Heath, meanwhile, said Hornok and his supporters are “Democrat infiltrators” attempting to pull the party apart, an accusation he also directed at state party leadership. 

Olsen said she doesn’t agree with Heath’s theory, but does agree with Heath that her detractors are using the same tactics used by Democrats in Colorado to divide Republicans and take over political leadership in the state. The theory is detailed in a book called “The Blueprint.”

“They are taking the steps that already happened in Colorado,” Olsen said.

Olsen said although Heath was not “unwarranted” in drafting his resolution, she added it should be up to the voters to decide whether they want to reelect these committee members or elect someone new.

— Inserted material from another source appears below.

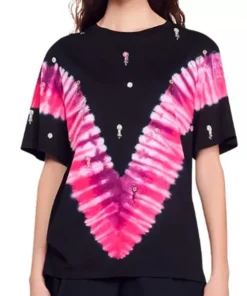 Victoria Bazua Shirt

Olsen, Heath and Flores-Salieb all agree cracks within the party started forming long before the county convention in March. 

Flores-Salieb criticized the way Olsen has conducted herself as chair, saying she performed a “near assault” on Hornok when she took a microphone away from him.

Since joining the party in 1991, Heath said there has always been a group of people within the Laramie GOP attempting to divide the party, but said this contingency has “gained more power and become more vocal” over the last few years. He said their growing influence started becoming noticeable during the 2012 Wyoming governor’s election, when he said winner Matt Mead received a significant amount of crossover votes from Democrats.

Olsen said another resolution asking just Hornok to resign was crafted while the state convention was actively taking place, but it has since been rescinded. 

These resolutions will be discussed at the Laramie County GOP meeting next Tuesday, May 17, at 6 p.m. at The Metropolitan Downtown restaurant in Cheyenne. Olsen said she will recuse herself from serving as chair on both resolutions and will abstain from voting on them as well.